_What you need to do_. Below are the records; give again exactly the lines from the one containing "LOOMLAN Outdoor - Sonoma" through the one containing "Chimenea de etanol", leaving out pictures.

_Data records_.
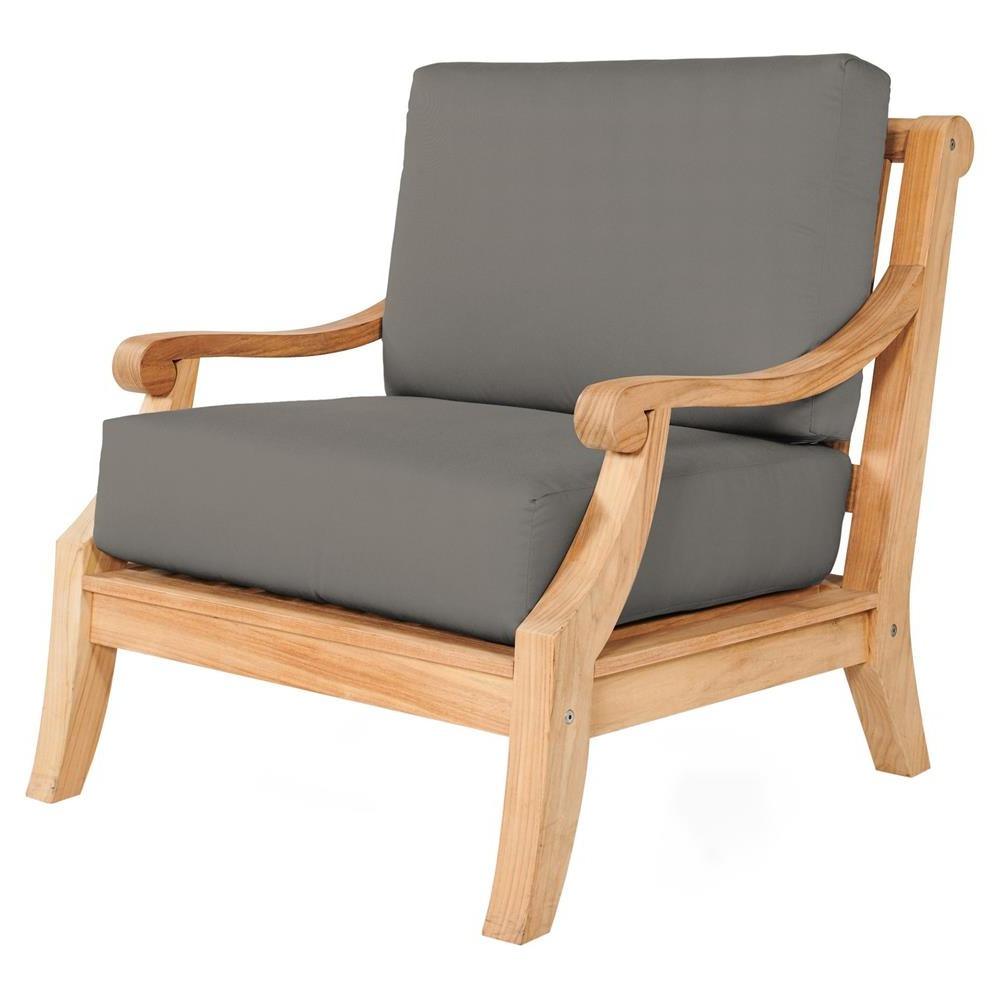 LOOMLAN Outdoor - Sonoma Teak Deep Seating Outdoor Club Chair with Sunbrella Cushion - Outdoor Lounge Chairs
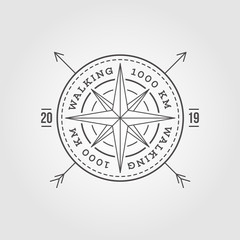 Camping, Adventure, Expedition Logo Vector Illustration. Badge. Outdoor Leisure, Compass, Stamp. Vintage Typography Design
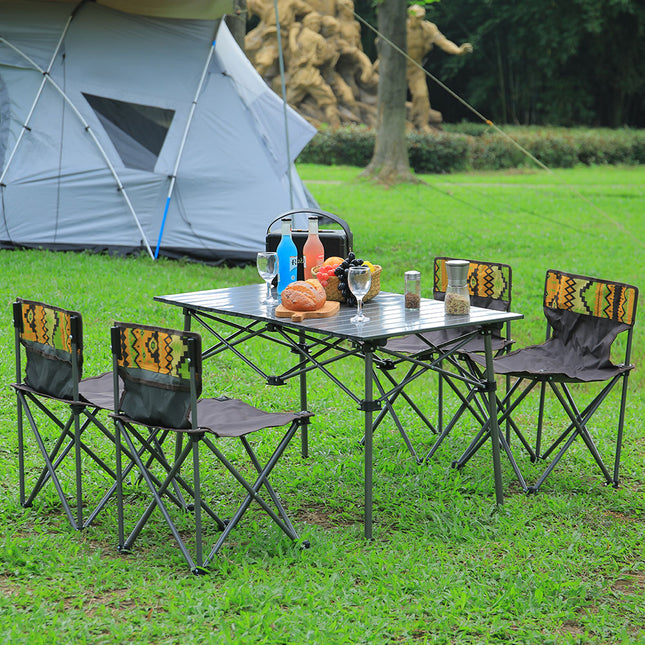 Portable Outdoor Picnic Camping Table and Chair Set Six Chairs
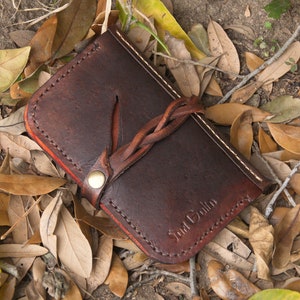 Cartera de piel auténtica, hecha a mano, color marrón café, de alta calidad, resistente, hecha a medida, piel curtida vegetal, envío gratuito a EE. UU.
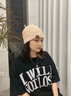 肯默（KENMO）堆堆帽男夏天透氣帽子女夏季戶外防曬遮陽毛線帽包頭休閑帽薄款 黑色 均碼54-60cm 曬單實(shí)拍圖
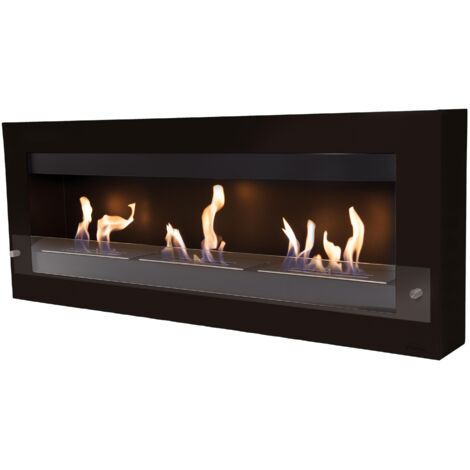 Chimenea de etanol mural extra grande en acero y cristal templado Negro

==

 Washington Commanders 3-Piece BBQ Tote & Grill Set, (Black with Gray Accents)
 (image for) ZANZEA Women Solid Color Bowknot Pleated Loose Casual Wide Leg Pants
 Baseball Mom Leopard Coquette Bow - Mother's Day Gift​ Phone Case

_Answer space_.
 LOOMLAN Outdoor - Sonoma Teak Deep Seating Outdoor Club Chair with Sunbrella Cushion - Outdoor Lounge Chairs
 Camping, Adventure, Expedition Logo Vector Illustration. Badge. Outdoor Leisure, Compass, Stamp. Vintage Typography Design
 Portable Outdoor Picnic Camping Table and Chair Set Six Chairs
 Cartera de piel auténtica, hecha a mano, color marrón café, de alta calidad, resistente, hecha a medida, piel curtida vegetal, envío gratuito a EE. UU.
 肯默（KENMO）堆堆帽男夏天透氣帽子女夏季戶外防曬遮陽毛線帽包頭休閑帽薄款 黑色 均碼54-60cm 曬單實(shí)拍圖
 Chimenea de etanol mural extra grande en acero y cristal templado Negro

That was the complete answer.